Execution optimization is about doing more work per cycle. Different technologies have been developed for this, e.g. pipelining, branch prediction, out-of-order execution, etc. All this techniques try to minimize internal idle states and delays in the processor.
Using caches on a CPU is about staying away from RAM. Write and read operations on RAM are slow - using a cache reduces the average time to access memory. The CPU cache is a smaller and faster memory which stores copies of the data from the most frequently used main memory locations.
These traditional areas of performance boosting have more or less come to an end. In 2003 the exponential increase in clock speeds suddenly halted. The reason is several physical issues, i.e. heat problems and too high power consumption. When it comes to execution optimization the chip designers today deploy so many and nasty tricks in order to get more speed out of each cycle that they almost risk the semantics of your code.

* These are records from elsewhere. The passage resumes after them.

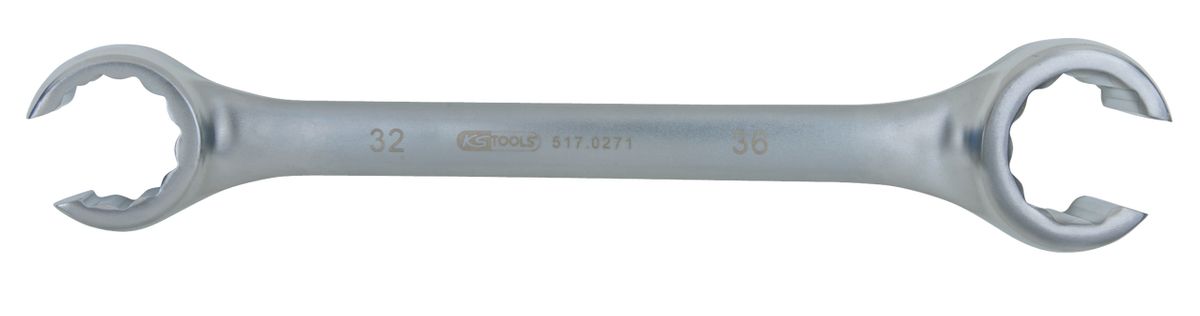 KS TOOLS Offener Doppel-Ringschlüssel, abgewinkelt, 32x36mm ( 517.0271 ) - Toolbrothers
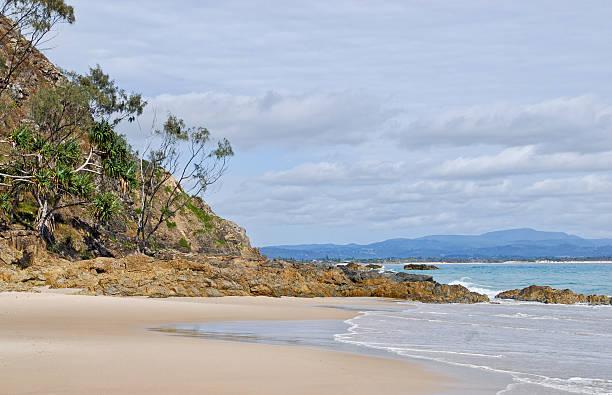 istock Rocks at Watergoes Beach in Byron Bay in Australia 489431905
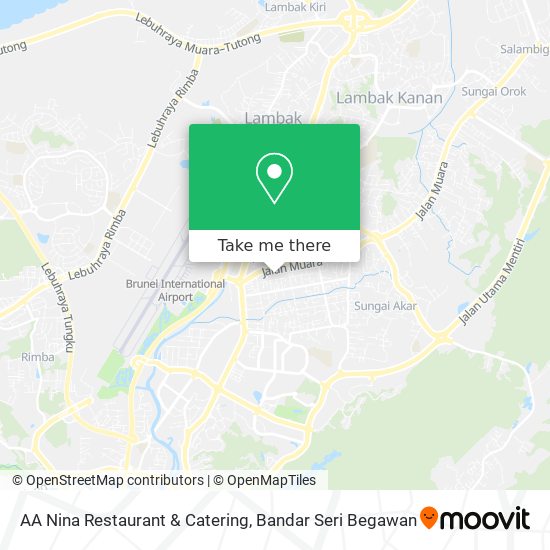 AA Nina Restaurant & Catering map
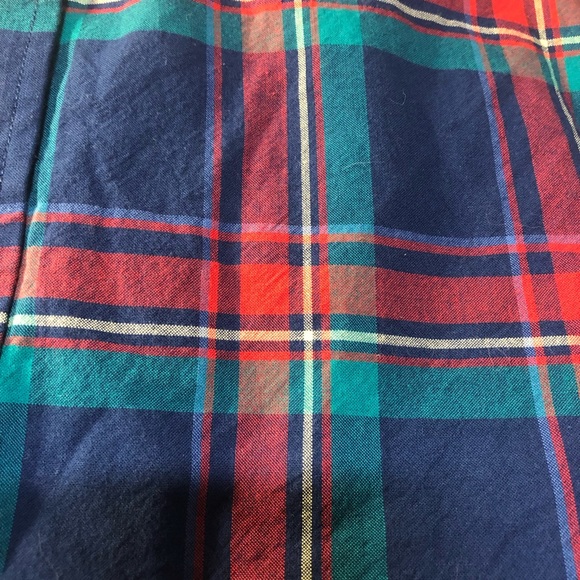 Old Navy Long Sleeve Button down plaid shirt Mens Large slim fit - Picture 2 of 5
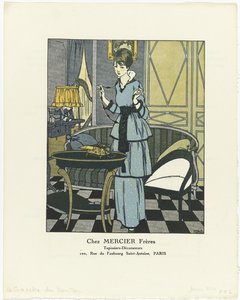 Gazette du Bon Ton, 1914 - No. 1: At MERCIER Frères / Upholsterers - Decorators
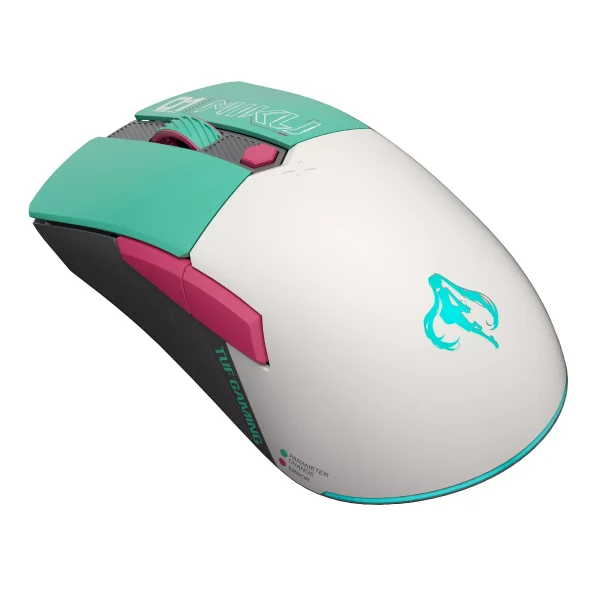 Геймърска безжична мишка ASUS TUF Gaming Mini Hatsune Miku Edition - 65g 3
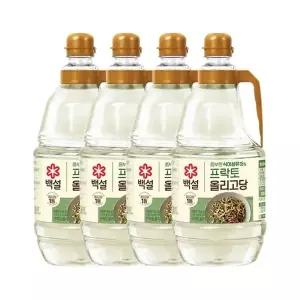 백설 프락토 올리고당 2.45kg x4개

The clock race is definitely over.
Although we can expect some performance boosting from a continuing growth of on-die cache sizes, the main development is going to be more and more cores.
Problems with parallel programming
Today there are some major problems with the parallel programming model (or models as we are about to see):
- Too many flavours.
- Concurrency is hard!
- Lack of good tools.
Although parallel programming has been around for decades there is yet no silverbullit. There are literary hundreds of parallel programming languages and APIs out there: Pthreads, Windows threads, Intel Threading Building Blocks (TBB), OpenMP, Ct, GPGPU, Unified Parallel C, Erlang, to name a few.
Concurrency really is hard. First we have the problem with finding the parallelism in the first place. When you read texts about parallel programming you see examples like plotting a Mandelbrot, problems that are very easy to chunk up in a large number of parallel tasks. In real life with large and complex software, it is not that easy.
There are also a new set of problems and potential bugs emerging with the parallel programming model: race conditions, deadlocks, livelocks to name a few. These bugs can be very nasty and hard to find.
Suggestions for master thesis tasks
There is no detailed problem statement or specific task at this point. This is something that can be discussed together with the student. ÅF has an interest in gaining knowledge about parallel programming, existing programming models and tools.
The thesis will probably be on the form of an investigation of the current situation in this field. It can be a general approach or a more specific task. Some examples or suggestions:
- Compare the most common parallel programming APIs (e.g. Threads (GNU or Windows), OpenMP and TBB). What are the differences? What are the pros and cons of the different APIs?
- Performance comparison of different parallel computing techniques (e.g. using GPGPU with a NVIDIA or ATI GPU compared to a quad-core Intel processor using a standard parallel programming API). Is GPGPU a practical approach to parallel programming or is it just an interesting theory?
- Investigate how multi-core processors and concurrency is used today among developers. Is there a demand among customers? Are many applications in need of the possible performance boost from multi-core processors or is it a demand invented by semiconductor and processor manufacturers?
- Why is parallel programming hard? What can be done and what is currently done in order to simplify it? What are the big processor manufacturers doing in order to spread the concept of multi-core among developers?